Even though he missed 14 total games over the last two seasons, he played a big chunk of the defense’s snaps when he was healthy. Not only can he be trusted to fill in right away, but he can also aide the younger defensive ends in learning Spagnuolo’s system.
2. He can be effective on all three downs
Before signing Okafor, the Chiefs’ defensive end position primarily consisted of players trusted in certain situations rather than on every single down. Excluding Frank Clark, the edge players are likely to be used as follows:
- Taco Charlton played on third down or in pass-rushing situations.
- Mike Danna was primarily used as an early-down run defender.
- Rookie Joshua Kaindoh has the raw tools to be a situational pass-rusher, but it’d be hard to trust him on run downs this year.

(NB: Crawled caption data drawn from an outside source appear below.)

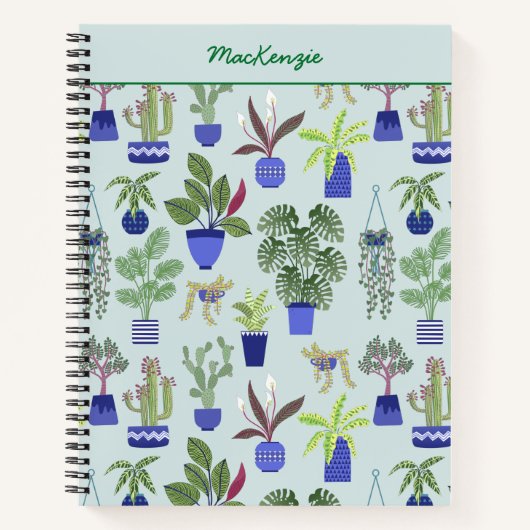 Speciaal Plant Gardening Notitieboek (Voorkant)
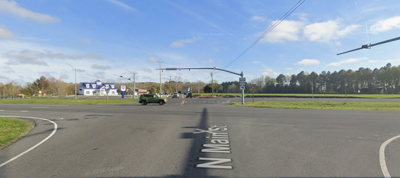 Route 50, MD Route 818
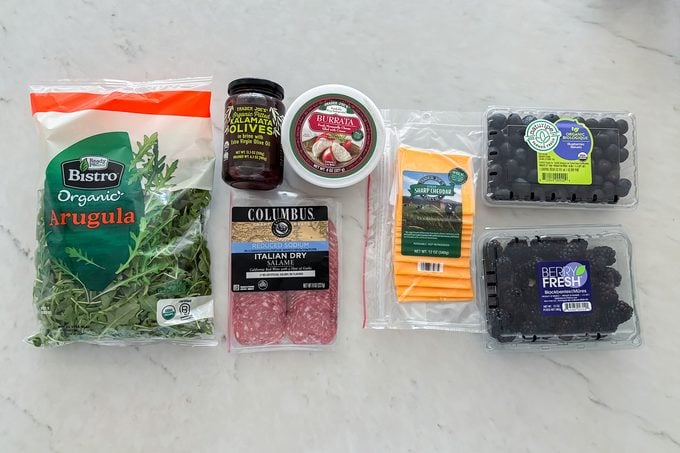 Ingredients for Boo Rata Board For Halloween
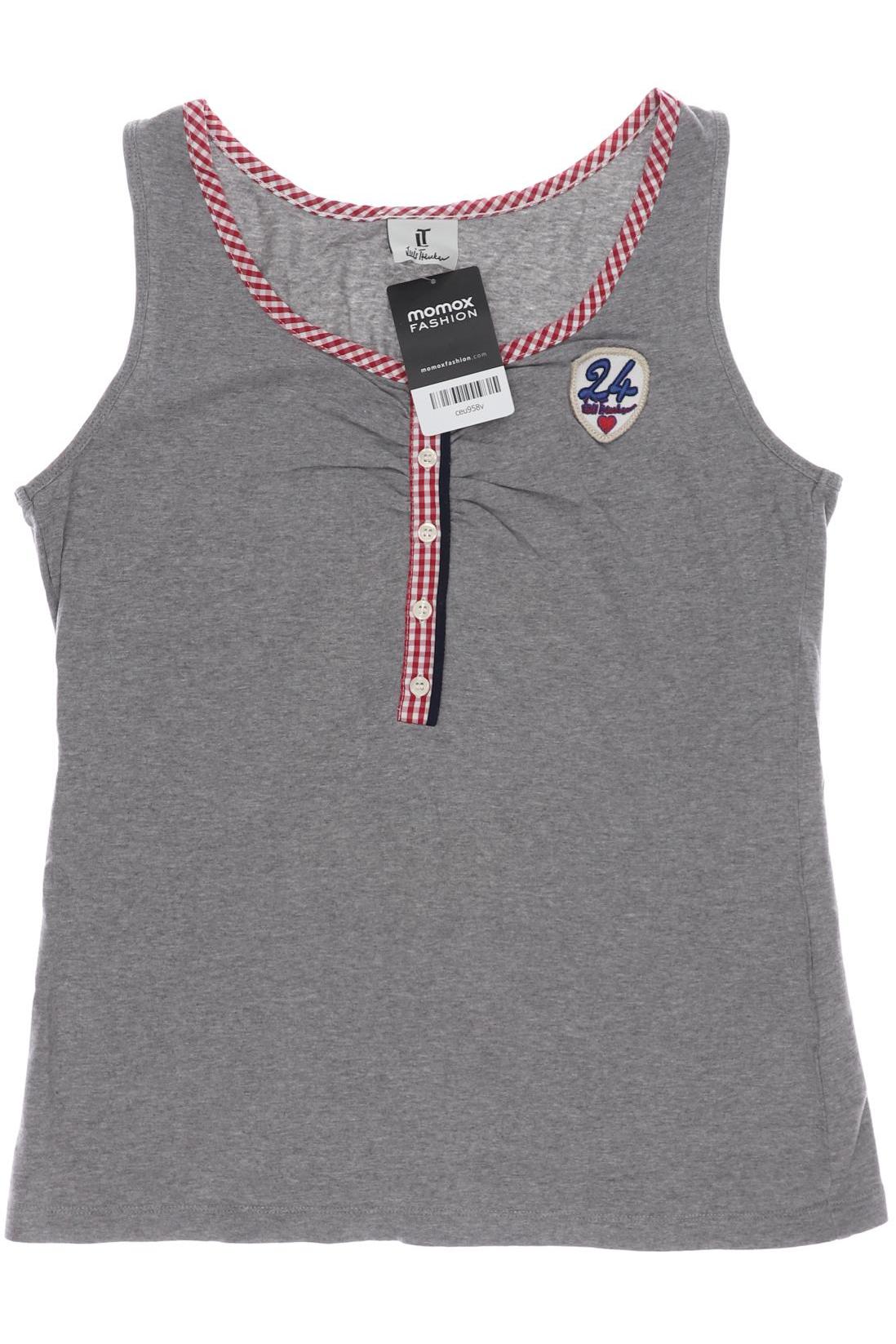 

Luis Trenker Damen Top, grau, Gr. 36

- Tim Ward showed the potential to be a three-down player in Week 17, but it was the only game he’s played in his NFL career so far.
Okafor has been trusted as an early-down edge defender and a pass-rusher on third downs during the last two seasons. In 2020, he had a pressure rate of 9.1% — higher than every Chiefs defensive end beside Charlton. He also led his position in run-stop percentage, a PFF metric that tracks how many of a player’s run defense snaps end in a “failure” for the offense.

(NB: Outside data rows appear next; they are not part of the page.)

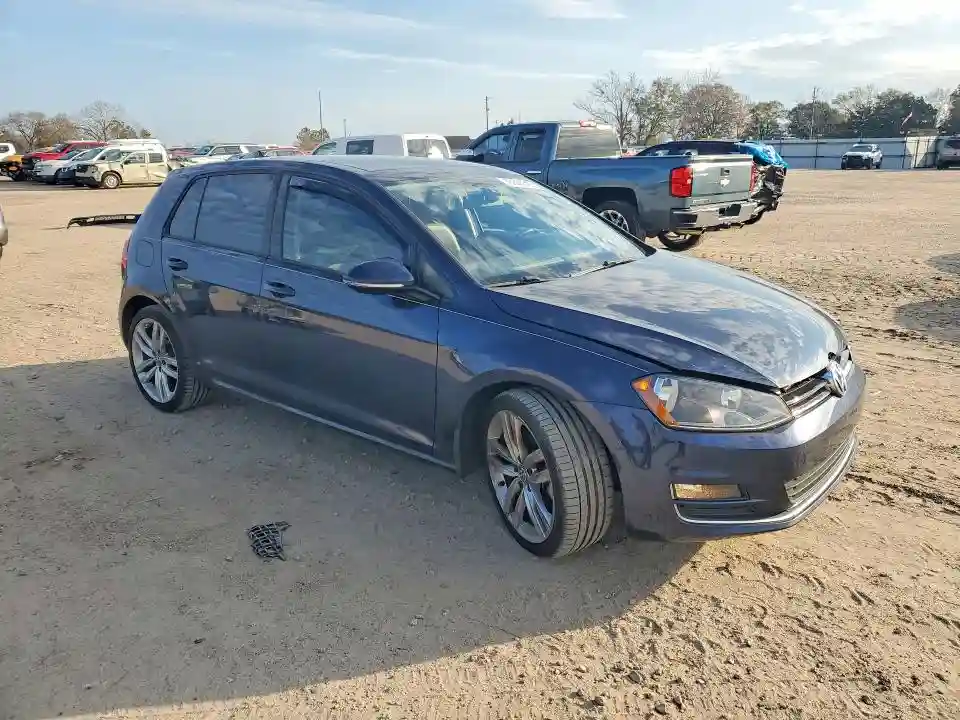 3VW2A7AU2FM055357 2015 VOLKSWAGEN GOLF-3
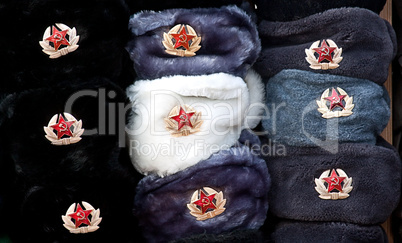 Sowjetische Kopfbedeckung
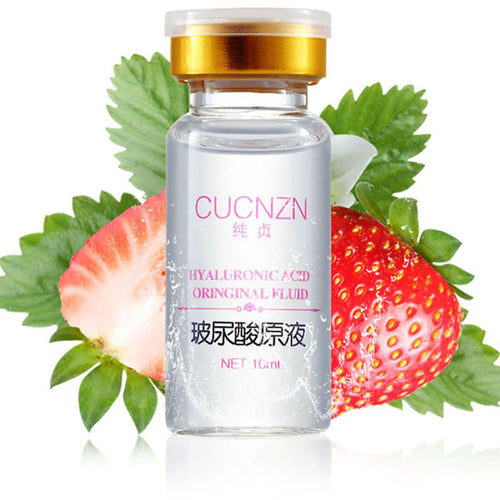 10ml Make Up Skin Liquid Ampoules Pure Liquid Hyaluronic Acid Serum Fluid Anti-Aging Wrinkle Collagen TIML66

I think the biggest part of the Okafor signing is it gives the #Chiefs another experienced, three-down DE. Clark was really the only one that we've seen trusted to play every down rather than be a situational player out there— Ron Kopp Jr. (@Ron_Kopp) July 21, 2021
A couple run stops and QB hits from last yr (#57): pic.twitter.com/dp556Lhgfe
3. He can take the pressure off of inexperienced defensive ends
Before the Okafor signing, the inexperienced defensive ends on the roster were going to put in many high-pressure situations — considering Clark would be the only player with more than a year’s worth of experience in the defense. Even Jones will likely go through a learning process at first.
Okafor gives the coaching staff an option it can be more confident in playing at any given moment. He also allows the other reserve defensive ends to be used on more situationally advantageous snaps rather than be thrown to the fire more than they might be comfortable with right now.
Plus, there is the possibility that Clark misses time for his off-field actions this offseason. If that were to happen, Okafor could likely be relied on more than any other defensive end because of his experience.
It’s a better plan than to throw the green edge defender group into the fire.